Instructions to follow> Set down, exactly as written, the lines from the line holding "ND license plate KLX523" to the end of the data, inclusive, skipping any pictures.

Information shown Start Marker

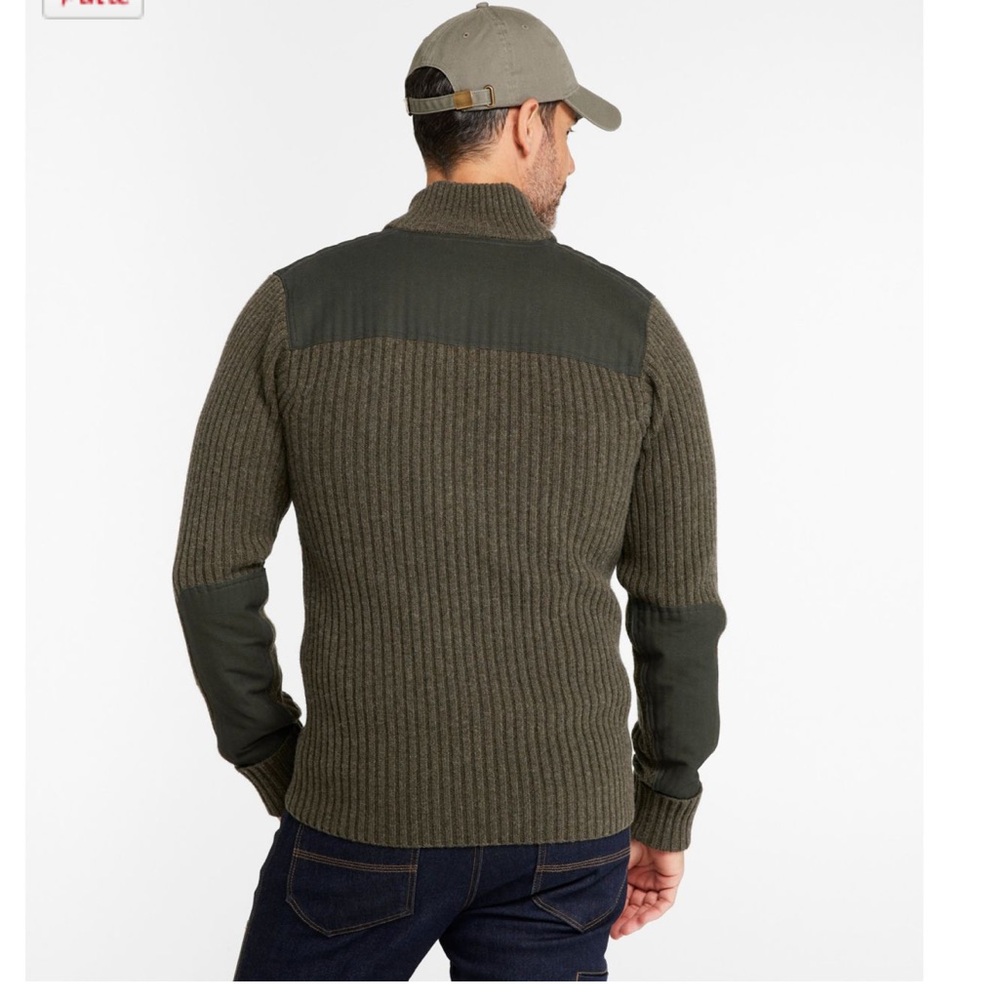 LL Bean Merino Lambswool Commando Men’s Ribbed Full Zip Sweater - Picture 12 of 12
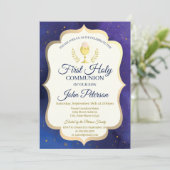 Gold Glitter, sterren, eerste Heilige Communie Kaart (Staand voorkant)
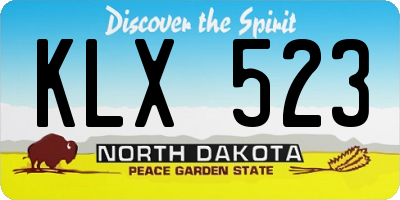 ND license plate KLX523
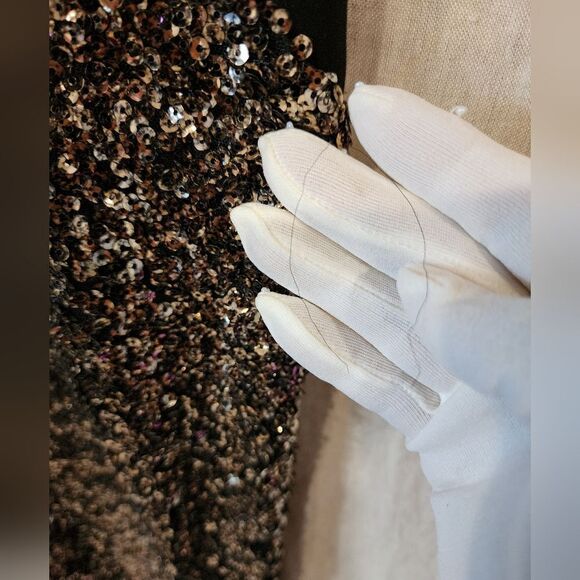 Aidan Mattox Black With Good Sequin Illusion Dress - Picture 17 of 17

Information shown End Marker

Reply to the task>
 ND license plate KLX523
 Aidan Mattox Black With Good Sequin Illusion Dress - Picture 17 of 17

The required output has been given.